On leave this semester, LeFlouria said she intends to keep this service-learning component, including community-engaged, research-based projects, in the course when she teaches it again.
Expanding the Haven Writers’ Circle
Kate Stephenson has taught first-year writing courses about housing inequity and food insecurity, all based on community service, with students volunteering at the Haven, as well as other non-profits, including Loaves and Fishes, the PB&J Fund and the PVCC Community Garden, and writing about their experiences.
“It has been challenging since the pandemic happened,” Stephenson admitted. It took months to resume the Haven Writers’ Circle, which meant moving it online. It was revived through weekly Zoom meetings and an online discussion board, where people contribute to weekly writing prompts.
When students couldn’t work with the Haven guests directly, they found a project that they could widen to offer something to the staff and UVA volunteers as well. Over the semester, they worked on producing an online literary journal, “Voices,” focusing on the theme of “home.”
Emily Mortimer, a second-year student and resident adviser from Richmond, applied for a UVA Equity Taskforce Grant under UVA’s Office for Sustainability called the Equity and Environment Fund, and was awarded roughly $2,000 for the project, including money for printing, events, a website and a stipend for herself as an intern and managing editor.

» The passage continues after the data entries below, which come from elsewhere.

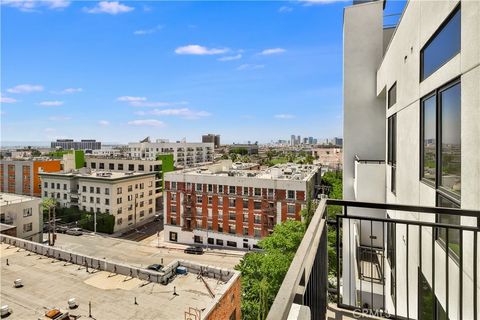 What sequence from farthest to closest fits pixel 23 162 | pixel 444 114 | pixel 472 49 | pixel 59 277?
pixel 23 162
pixel 59 277
pixel 444 114
pixel 472 49

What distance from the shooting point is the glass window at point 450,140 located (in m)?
3.20

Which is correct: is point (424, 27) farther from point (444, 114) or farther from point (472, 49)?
point (472, 49)

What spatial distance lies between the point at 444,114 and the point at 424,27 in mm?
1650

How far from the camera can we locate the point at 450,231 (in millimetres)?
3363

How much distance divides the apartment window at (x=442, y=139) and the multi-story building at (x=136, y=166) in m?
42.8

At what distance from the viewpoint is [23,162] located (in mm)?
49594

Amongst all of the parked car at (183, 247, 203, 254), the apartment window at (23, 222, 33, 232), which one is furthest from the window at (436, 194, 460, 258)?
the apartment window at (23, 222, 33, 232)

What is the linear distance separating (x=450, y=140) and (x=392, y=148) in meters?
4.34

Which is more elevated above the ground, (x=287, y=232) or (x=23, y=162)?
(x=23, y=162)

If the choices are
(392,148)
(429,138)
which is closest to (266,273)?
(392,148)

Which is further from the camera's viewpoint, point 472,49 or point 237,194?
point 237,194

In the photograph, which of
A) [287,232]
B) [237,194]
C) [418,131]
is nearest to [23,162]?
[237,194]

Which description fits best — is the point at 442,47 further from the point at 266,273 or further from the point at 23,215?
the point at 23,215

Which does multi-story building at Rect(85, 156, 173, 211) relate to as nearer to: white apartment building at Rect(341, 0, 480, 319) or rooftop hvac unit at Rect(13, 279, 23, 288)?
rooftop hvac unit at Rect(13, 279, 23, 288) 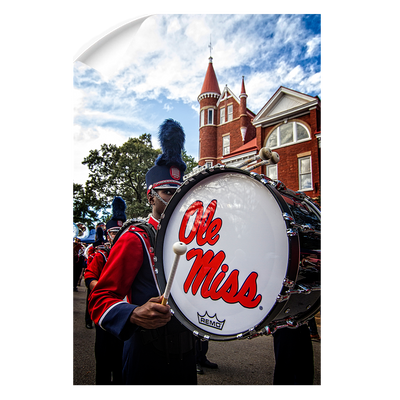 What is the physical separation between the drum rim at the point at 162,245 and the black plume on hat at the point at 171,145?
0.58 metres

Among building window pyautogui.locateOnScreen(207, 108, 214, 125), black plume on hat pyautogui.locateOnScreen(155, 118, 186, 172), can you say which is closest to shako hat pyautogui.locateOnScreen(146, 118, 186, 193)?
black plume on hat pyautogui.locateOnScreen(155, 118, 186, 172)

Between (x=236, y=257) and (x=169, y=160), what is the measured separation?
1.03 metres

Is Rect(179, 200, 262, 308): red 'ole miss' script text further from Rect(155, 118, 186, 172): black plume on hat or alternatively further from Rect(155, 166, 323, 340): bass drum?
Rect(155, 118, 186, 172): black plume on hat

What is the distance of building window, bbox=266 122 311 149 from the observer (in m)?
11.4

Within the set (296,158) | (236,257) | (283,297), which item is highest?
(296,158)

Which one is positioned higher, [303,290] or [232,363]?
[303,290]

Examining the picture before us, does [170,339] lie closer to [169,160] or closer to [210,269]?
[210,269]

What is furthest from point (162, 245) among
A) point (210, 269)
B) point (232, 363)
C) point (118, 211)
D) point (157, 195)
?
point (118, 211)

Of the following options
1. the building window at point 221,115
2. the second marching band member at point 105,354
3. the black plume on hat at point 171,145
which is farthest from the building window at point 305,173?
the black plume on hat at point 171,145

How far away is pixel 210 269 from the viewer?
1.39 meters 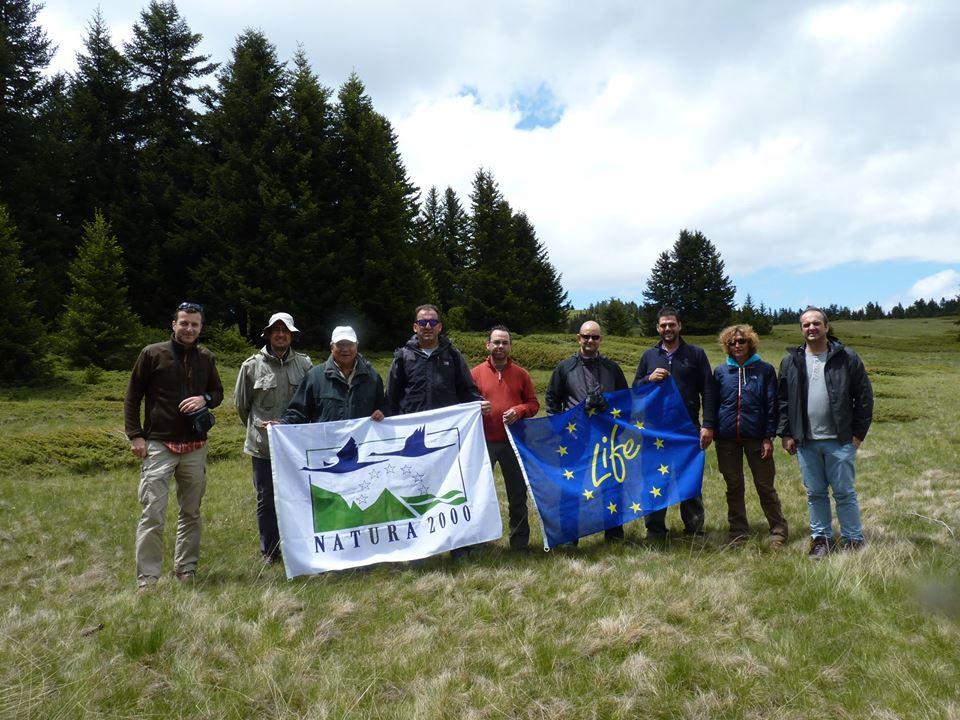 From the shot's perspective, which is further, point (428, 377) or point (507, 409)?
point (507, 409)

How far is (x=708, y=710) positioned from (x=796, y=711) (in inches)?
17.8

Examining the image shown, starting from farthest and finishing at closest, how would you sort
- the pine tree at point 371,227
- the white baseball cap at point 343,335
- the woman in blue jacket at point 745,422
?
the pine tree at point 371,227
the woman in blue jacket at point 745,422
the white baseball cap at point 343,335

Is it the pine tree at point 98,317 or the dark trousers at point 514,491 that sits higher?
the pine tree at point 98,317

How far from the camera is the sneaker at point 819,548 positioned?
19.3 feet

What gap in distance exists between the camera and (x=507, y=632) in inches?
171

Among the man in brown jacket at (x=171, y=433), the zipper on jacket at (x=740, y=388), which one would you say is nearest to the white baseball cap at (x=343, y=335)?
the man in brown jacket at (x=171, y=433)

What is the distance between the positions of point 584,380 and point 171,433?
4166 millimetres

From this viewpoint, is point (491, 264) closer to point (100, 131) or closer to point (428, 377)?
point (100, 131)

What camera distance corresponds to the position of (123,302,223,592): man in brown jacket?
18.6 feet

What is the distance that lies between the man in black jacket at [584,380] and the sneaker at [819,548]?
1.83 metres

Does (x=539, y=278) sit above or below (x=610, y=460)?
above

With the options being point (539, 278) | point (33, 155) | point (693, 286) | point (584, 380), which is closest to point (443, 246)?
point (539, 278)

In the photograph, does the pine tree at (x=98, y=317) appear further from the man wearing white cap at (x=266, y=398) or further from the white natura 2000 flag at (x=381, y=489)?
the white natura 2000 flag at (x=381, y=489)

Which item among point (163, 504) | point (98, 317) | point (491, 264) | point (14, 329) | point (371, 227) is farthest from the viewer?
point (491, 264) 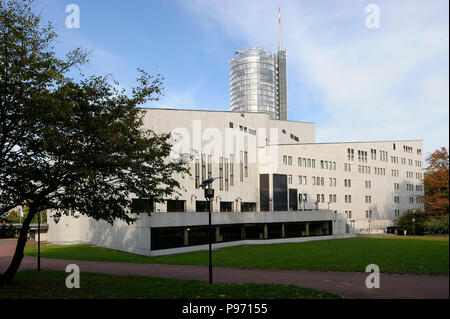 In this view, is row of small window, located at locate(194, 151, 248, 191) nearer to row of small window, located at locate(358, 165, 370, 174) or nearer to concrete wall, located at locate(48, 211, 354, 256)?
concrete wall, located at locate(48, 211, 354, 256)

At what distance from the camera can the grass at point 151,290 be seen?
44.5ft

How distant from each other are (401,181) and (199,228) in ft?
202

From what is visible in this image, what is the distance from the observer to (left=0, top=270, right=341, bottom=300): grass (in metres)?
13.6

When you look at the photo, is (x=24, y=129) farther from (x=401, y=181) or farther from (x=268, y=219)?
(x=401, y=181)

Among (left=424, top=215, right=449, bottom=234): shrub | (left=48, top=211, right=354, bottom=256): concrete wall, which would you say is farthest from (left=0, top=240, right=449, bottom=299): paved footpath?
(left=424, top=215, right=449, bottom=234): shrub

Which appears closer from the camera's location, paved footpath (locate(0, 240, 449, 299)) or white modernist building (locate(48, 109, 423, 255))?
paved footpath (locate(0, 240, 449, 299))

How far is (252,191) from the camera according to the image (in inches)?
2282

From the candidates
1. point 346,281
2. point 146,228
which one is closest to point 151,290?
point 346,281

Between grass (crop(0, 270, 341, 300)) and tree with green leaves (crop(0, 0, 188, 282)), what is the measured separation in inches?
97.2

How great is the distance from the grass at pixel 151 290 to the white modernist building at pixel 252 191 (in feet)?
64.5

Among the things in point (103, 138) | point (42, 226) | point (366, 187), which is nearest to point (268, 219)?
point (366, 187)

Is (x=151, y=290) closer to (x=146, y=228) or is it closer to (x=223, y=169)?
(x=146, y=228)

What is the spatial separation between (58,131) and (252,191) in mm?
44888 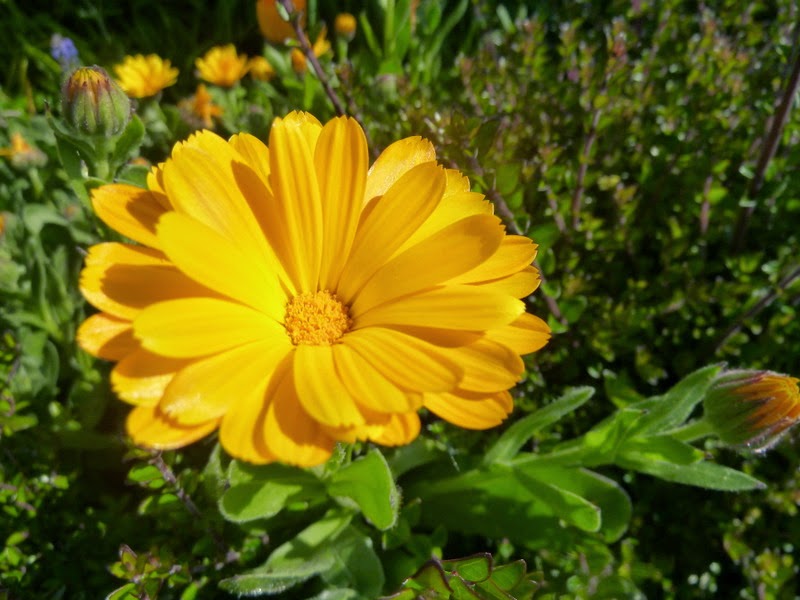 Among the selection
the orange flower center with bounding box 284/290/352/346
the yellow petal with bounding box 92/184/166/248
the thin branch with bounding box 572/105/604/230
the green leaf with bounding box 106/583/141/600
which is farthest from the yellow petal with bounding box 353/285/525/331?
the thin branch with bounding box 572/105/604/230

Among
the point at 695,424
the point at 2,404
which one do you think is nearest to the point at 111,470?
the point at 2,404

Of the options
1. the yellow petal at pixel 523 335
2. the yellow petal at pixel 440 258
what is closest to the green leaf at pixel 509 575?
the yellow petal at pixel 523 335

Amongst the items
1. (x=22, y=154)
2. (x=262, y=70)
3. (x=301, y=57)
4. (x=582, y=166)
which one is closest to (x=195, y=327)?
(x=582, y=166)

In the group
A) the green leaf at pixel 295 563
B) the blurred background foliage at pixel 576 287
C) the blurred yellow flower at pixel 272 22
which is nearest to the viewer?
the green leaf at pixel 295 563

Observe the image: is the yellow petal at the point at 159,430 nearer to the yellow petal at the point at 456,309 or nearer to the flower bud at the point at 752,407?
the yellow petal at the point at 456,309

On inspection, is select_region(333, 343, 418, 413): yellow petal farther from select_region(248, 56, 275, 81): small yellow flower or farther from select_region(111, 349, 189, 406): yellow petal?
select_region(248, 56, 275, 81): small yellow flower

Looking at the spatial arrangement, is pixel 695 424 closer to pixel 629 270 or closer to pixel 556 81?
pixel 629 270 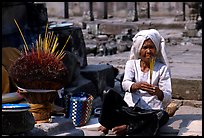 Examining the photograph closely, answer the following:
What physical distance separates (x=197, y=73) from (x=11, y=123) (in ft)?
13.4

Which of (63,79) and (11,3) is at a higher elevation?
(11,3)

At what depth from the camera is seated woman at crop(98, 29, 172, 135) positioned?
441 cm

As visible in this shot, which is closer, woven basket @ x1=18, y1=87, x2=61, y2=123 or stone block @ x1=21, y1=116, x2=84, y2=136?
stone block @ x1=21, y1=116, x2=84, y2=136

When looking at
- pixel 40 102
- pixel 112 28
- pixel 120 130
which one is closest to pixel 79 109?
pixel 40 102

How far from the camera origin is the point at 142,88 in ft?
14.7

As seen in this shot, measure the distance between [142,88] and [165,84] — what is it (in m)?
0.27

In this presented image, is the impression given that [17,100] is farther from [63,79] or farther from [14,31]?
[14,31]

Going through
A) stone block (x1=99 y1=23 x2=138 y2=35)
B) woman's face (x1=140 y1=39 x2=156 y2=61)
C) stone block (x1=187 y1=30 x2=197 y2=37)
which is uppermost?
woman's face (x1=140 y1=39 x2=156 y2=61)

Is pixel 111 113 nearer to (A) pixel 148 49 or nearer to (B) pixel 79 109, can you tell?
(B) pixel 79 109

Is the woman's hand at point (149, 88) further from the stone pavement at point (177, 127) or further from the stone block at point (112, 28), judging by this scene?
the stone block at point (112, 28)

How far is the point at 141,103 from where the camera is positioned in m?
4.70

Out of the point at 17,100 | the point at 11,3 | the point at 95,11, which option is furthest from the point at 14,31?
the point at 95,11

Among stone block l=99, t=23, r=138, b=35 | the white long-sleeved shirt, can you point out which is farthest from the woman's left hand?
stone block l=99, t=23, r=138, b=35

“I wanted to take Kate’s course,” Mortimer wrote in email, “because I have a complicated relationship with food … and I thought that getting the chance to volunteer in a place where I’d be helping to make food for other folks would change my perspective.
“I also wanted to learn more about the intersectional inequalities that contribute to housing and food insecurity, particularly in Charlottesville,” said Mortimer, who just applied to major in the Frank Batten School of Leadership and Public Policy.
“I can definitely say that my experience in Kate’s class first year and my subsequent relationship with the Haven contributed to that decision,” she said.
Stephenson said the digital publication was a more meaningful project for some students than writing a paper that only the instructor would see, because “you’re not just turning something in, but collaborating with other people to create public writing that encourages people to think differently about housing and homelessness.”
This semester, after three weeks of academic and community training, students will continue to work on Voices. They’ll work in teams, partner with people in the Writer’s Circle and produce the journal’s next issue.
“It’s OK to slow down during the pandemic,” Gordon said, invoking the medical dictum of “do no harm.” She pointed out that although we are finding that pandemic responses often have to be nimble, academic courses don’t really work that way.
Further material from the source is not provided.